Charles Schwab & Co. takes the lead in offering bargain money management.
Who’s got the best exchange-traded funds? Charles Schwab & Co.
Vanguard is a close second in this competition. State Street, which got the ETF industry going with its SPDR S&P 500 fund, is in fifth place. BlackRock, whose iShares family is the biggest collection of ETFs, is in sixth place.
My definition of “best” is simple: It means “cheapest.” The whole point of ETFs—or, at any rate, of the indexed ones, which account for the bulk of assets—is to save money on portfolio costs.
All four of these ETF vendors have at least several very good deals for savers looking to keep their money management costs down. They all have a big presence on the Forbes Best ETFs list, a directory of funds that charge no more than 0.4% annually.
What sets Schwab apart is the consistency of its cost cutting. It’s hard to find any Schwab fund that is not a terrific buy. In that sense Schwab is the best of the best.
Here’s a summary of where ETF vendors appear on the Best ETFs list, ranked by how close a vendor tends to be to the top of a fund category in cost efficiency:
If you’re a cost-conscious investor, Vanguard is a fine place to park your money.

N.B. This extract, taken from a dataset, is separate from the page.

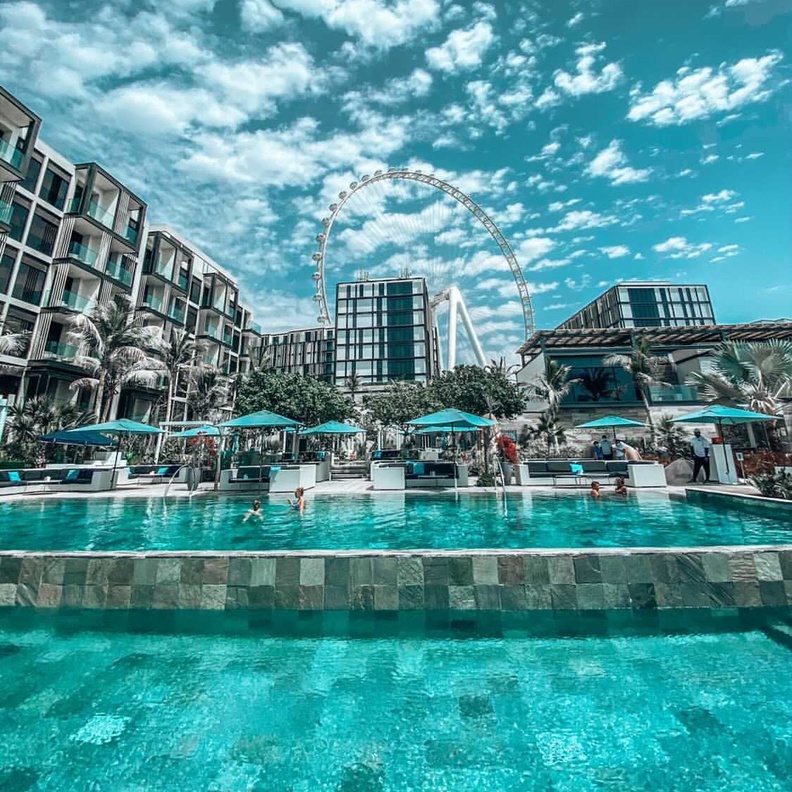 كوف بيتش.. وجهة شاطئية مثالية للاستجمام  في دبي 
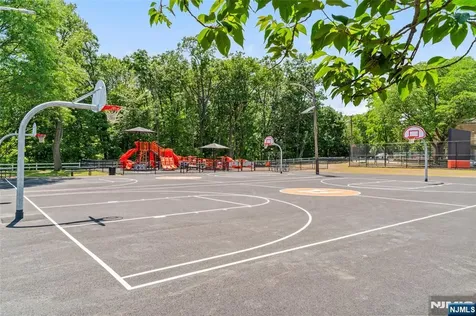 2330 5th Street Fort Lee NJ 07024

But Schwab often edges Vanguard out. Schwab’s short-term Treasury fund undercuts Vanguard on price, as do its Treasury Inflation-Protected Securities, real estate and small-company stock funds.

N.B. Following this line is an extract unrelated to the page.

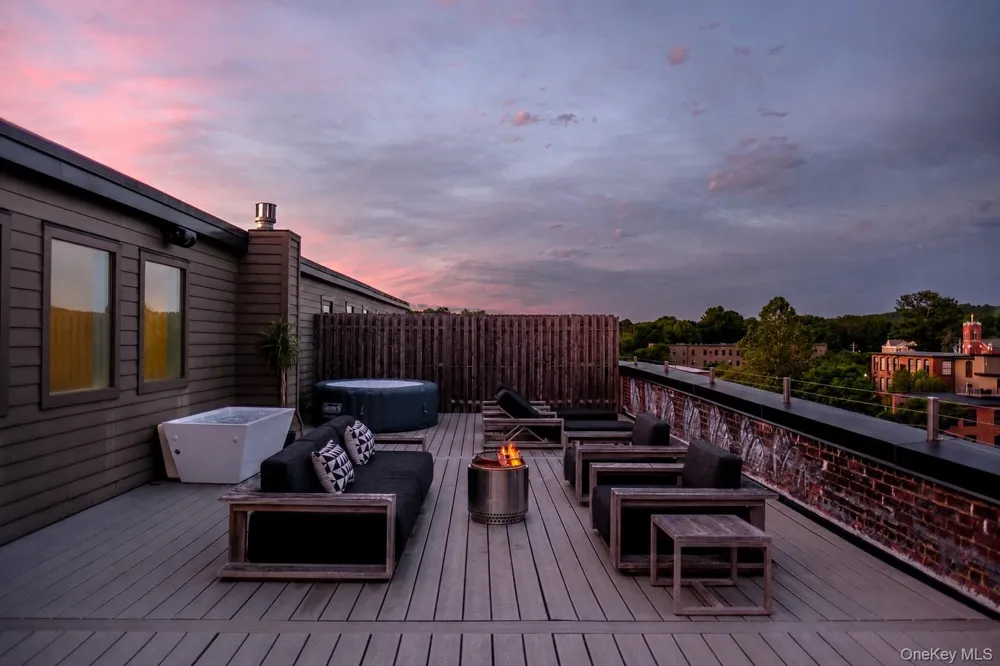 1 E Main Street #402 Beacon, NY 12508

BlackRock presents a more complicated picture. In some categories, such as the one for funds that cover most or all of the U.S. stock market, it has the very best deal. (Great buy: iShares Core S&P Total U.S. Stock Market, ITOT.) But there are also some mediocre offerings in the giant iShares catalog. That sinks the average iShares ranking down to the 45th percentile from the top.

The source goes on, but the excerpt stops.